Two things about this post. It's important to remember that "c" in Indonesian is pronounced "ch". "Cak", as Racki renders it is in fact, I think, a cross between "chuck" and "chack". Second, the photo is from
this site; I stole it from Andy and Susanne Carvin's honeymoon. Their snaps are well worth having a
look at. I think they went to exactly the same performance I did, but a couple of years earlier.
After eating at Indus, we just made it to the kecak dance down Jl Hanoman. The whole thing was a mystery I am yet to unravel, particularly the bit where a hessian sack full of coconut husks was dumped on the stage, set alight with some kind of spirits, reduced to embers, and then kicked by a barefooted old man who then walked across the coals, all the while riding a broomstick with a carved wooden horse's head, and coconut leaf mane and tail.
That part, I think, was the so-called "fire dance", an even greater mystery, and one which left the crowd gawping and gasping loudly with shock. When it was over, a younger man came and announced the fact. The stunned crowd sat starting at the old man, sitting on the ground, his legs straight out in front of him, his charred soles facing the crowd, the crowd facing them.
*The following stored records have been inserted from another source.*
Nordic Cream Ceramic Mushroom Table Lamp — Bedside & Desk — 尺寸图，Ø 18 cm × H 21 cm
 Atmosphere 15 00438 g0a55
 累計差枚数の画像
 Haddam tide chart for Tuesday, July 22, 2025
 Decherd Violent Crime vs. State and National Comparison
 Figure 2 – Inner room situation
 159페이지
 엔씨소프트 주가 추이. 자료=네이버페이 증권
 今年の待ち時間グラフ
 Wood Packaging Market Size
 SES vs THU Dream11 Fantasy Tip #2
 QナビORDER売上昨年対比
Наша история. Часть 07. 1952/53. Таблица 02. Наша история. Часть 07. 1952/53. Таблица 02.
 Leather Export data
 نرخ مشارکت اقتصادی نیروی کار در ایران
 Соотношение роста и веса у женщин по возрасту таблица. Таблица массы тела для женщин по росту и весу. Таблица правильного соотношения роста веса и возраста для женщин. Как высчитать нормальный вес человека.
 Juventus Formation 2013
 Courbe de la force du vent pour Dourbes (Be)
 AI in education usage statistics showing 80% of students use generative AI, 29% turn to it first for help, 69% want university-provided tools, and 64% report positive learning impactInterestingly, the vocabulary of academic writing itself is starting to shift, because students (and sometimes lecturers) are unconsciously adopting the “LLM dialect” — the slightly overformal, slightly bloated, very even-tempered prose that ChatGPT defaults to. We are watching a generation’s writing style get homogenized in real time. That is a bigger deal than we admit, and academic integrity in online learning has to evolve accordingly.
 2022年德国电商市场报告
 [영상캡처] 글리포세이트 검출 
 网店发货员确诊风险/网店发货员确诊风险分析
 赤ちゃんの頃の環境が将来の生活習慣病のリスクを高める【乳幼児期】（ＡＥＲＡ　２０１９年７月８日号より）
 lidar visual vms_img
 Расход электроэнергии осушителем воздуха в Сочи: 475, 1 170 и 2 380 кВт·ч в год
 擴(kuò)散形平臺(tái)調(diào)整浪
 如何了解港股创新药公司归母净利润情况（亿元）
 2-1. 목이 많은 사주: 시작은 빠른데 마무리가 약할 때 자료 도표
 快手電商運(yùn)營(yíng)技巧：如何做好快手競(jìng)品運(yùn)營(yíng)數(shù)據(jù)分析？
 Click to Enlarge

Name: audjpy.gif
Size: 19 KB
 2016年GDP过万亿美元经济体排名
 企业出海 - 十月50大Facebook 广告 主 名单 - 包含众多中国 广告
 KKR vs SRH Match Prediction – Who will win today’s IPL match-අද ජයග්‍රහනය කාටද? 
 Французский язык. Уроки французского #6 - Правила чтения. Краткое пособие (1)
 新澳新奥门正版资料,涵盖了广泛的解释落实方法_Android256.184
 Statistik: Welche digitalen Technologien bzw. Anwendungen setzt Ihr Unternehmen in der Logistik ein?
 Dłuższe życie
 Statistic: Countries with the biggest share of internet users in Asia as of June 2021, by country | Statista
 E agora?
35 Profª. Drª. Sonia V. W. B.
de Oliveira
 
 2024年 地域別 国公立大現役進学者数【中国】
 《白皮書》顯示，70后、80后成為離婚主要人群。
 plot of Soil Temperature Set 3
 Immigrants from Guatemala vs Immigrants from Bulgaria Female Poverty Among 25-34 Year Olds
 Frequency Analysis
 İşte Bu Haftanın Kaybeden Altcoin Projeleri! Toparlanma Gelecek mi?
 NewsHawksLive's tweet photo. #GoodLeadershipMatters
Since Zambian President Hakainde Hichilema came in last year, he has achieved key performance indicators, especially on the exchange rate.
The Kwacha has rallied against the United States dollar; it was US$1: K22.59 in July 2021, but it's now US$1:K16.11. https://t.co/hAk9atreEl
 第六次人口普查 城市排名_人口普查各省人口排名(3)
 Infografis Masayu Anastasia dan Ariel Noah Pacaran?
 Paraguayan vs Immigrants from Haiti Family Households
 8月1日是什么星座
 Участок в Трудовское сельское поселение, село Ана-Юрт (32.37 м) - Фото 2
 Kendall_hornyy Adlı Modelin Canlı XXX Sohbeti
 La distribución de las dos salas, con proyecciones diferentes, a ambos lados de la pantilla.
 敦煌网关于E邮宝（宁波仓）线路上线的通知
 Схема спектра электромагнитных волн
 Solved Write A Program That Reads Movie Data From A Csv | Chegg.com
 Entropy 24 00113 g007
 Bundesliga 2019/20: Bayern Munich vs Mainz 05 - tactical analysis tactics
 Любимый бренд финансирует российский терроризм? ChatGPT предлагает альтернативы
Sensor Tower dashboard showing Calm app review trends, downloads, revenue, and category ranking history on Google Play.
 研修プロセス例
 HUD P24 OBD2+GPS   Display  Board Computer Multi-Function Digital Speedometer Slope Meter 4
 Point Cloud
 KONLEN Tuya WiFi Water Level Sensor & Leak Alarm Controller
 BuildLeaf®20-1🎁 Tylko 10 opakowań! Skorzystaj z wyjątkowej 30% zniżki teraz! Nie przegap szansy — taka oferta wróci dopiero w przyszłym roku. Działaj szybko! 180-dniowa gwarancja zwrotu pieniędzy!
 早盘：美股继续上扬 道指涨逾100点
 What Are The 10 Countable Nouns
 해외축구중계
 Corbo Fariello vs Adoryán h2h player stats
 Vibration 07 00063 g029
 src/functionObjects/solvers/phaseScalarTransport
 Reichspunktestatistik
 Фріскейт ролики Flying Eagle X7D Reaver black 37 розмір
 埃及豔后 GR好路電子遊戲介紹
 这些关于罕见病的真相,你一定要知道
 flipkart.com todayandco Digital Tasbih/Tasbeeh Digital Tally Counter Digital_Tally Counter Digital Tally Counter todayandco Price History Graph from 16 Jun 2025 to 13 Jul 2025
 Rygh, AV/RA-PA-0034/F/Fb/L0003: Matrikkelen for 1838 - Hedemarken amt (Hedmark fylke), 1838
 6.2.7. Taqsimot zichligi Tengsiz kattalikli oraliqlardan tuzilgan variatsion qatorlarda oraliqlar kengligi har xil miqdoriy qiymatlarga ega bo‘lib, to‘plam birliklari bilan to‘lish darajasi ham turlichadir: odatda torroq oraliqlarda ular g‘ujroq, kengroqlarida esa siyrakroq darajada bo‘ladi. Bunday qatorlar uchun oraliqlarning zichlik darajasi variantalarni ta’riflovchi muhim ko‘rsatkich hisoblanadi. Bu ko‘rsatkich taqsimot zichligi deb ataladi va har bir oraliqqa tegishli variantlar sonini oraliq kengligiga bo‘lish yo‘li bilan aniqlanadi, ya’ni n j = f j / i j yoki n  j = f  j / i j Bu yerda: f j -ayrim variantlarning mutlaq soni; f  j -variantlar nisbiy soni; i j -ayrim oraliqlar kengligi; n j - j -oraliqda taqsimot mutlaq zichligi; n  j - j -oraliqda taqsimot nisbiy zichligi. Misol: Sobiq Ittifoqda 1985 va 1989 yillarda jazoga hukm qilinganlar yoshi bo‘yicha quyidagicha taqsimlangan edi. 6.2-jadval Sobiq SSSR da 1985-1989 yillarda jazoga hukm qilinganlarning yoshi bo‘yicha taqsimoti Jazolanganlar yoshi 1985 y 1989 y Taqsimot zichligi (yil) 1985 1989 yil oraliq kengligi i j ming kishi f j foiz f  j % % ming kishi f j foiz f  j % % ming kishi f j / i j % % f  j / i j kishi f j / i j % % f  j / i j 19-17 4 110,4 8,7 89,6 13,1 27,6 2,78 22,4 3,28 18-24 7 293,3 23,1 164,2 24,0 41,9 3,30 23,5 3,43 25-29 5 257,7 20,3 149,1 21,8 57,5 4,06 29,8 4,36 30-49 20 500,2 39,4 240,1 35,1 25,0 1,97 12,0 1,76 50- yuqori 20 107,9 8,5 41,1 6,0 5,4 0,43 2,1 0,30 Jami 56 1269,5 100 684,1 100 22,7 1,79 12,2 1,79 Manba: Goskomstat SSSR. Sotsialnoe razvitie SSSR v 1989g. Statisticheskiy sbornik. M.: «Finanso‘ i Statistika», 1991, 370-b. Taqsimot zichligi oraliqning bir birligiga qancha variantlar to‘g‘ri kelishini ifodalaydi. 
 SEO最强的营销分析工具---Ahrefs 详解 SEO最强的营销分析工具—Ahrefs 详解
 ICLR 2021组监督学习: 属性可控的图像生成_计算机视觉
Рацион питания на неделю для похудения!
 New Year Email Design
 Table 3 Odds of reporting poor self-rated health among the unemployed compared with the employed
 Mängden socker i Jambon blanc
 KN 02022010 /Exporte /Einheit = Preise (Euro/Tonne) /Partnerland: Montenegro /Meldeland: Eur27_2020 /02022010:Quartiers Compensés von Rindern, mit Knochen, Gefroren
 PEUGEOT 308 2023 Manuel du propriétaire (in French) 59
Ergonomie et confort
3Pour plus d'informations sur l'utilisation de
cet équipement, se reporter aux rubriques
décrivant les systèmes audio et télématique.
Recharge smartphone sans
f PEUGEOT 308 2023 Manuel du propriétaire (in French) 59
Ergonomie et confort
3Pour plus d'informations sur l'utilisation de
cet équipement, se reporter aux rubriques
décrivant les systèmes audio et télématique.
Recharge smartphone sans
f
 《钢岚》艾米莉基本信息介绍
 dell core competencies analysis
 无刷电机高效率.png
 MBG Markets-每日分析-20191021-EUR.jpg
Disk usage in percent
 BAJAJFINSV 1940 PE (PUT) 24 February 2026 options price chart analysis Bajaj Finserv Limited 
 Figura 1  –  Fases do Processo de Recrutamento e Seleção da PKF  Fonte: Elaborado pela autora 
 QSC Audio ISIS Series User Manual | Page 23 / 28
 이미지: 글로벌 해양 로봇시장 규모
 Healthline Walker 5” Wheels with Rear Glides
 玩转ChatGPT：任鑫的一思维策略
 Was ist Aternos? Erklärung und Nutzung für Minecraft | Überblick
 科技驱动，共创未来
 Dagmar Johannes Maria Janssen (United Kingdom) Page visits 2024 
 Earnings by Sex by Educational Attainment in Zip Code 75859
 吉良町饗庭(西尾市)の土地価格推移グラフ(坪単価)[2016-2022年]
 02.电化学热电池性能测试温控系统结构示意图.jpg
He sat there as if in a trance. I had to go and I do not know how the crowd and the man resolved their situation.
I do know that the kecak dance, the monkey dance, is a secular dance, choreographed by Walter Spies and Katherine Mershon in 1930 for a German movie, "Island of the Demons". Mind you, that is an exaggeration, for according to Christian Racki's
The Sacred Dances of Bali:
"The Kecak comes from the Sanghyan in which a chorus of men alternates with a group of women to help dancers enter in trance. In the 1930s Walter Spies, a German painter and anthropologist, made a proposal to dancers of the village of Bedalu to enlarge this chorus which in the beginning comprised only a dozen men, and to give it its own life. Spies collaborated with a Balinese, Bak Limbak (who had created the first version of the Kecak), to have the chorus accompany one episode of the Ramayana. As time went on, the spectacle incorporated other episodes of this story as well as other mythical stories."
It is entertaining; anyone who has seen "Baraka", a Koyanisqaatsi / Powaqqatsi style movie without words, will be amazed to learn that the extraordinary sequence of black and white checked saronged men chanting and moving in unison is a near-nightly tourist ritual. It is not easy to describe. I will not try to better Racki's description:
"The chorus of young men flood the stage, shouting the syllable 'cak', all the while walking with legs and elbows bent, and fingers extending into a trembling fan of energy. They sit in one concentric circle around the fire and after repeated chants and synchronised gestures, they bow to the priest who blesses them with holy water. Once the priest has left, the chorus once more bounds in to the 'cak], varying in fast and slow rhythmic sequences -- punctuated by the ]cak cak pour chir'. This chorus is divided in several sub-groups which 'layer' various 'cak', one upon another. A tumultuous global resonance is created by these patterns. All changes in movement and singing are led by a chorus member. Even though rhythmical structures of 'cak' are different, the gestures are uniform until the dramatic action begins. When the voice of the juru tendak emerges from the group to narrate the unfolding story, the dancers arrive to perform the Ramayana (or another legend). Afterwords, the chorus surrounds them, dividing into several smaller groups with distinctive gestures that docorate the dance. After the drama has ended, the kecak chorus disappears just as it came."
Something about the whole thing was wrong. There was no explanation other than a piece of paper. The considerable audience sat there, each having paid A$7, a substantial sum comparatively, and I can only imagine they were as perplexed as I. Murni of Ubud warns:
"It is almost impossible for the new spectator to follow the plot. Boys dance girls' parts, girls dance boys' parts. You cannot tell which are which; both wear heavy make-up. the same person may dance several roles, and scenes change with the barest of announcements. It's best just to sit back and enjoy the extreme beauty of the movements, the expressions, and the dazzling costumes."
Racki says, with a frankness more anthropologists might employ:
"As they are indifferent to content, Balinese are much more casual spectators than Westerners, who go to a dance with the intention of learning something [do we?]. The Balinese talk and sleep, paying attention only when it best suits them -- when the clowns come out, if they are children, or when the dancers step on stage, if they are the dancers' mothers."
Earlier, he had said:
"the youth ... attend the show as much to look for a girl or a boy friend as to attend the performance itself. Dance is thus part of the mating game. Girls are the best spectators; they stand in groups of two or three, holding each other by the hand or waist, attentive to the minutest details of the dancer's hands. Boys pretend to come for the show, but they are restively on the chase, prowling at a short distance in tehir own groups of two or three. Every few minutes, they approach, supposedly to get closer to the stage, but actually to get nearer to the girls; a quick pinch, a few words and the message gets across. Dates are thus made and love stories begin."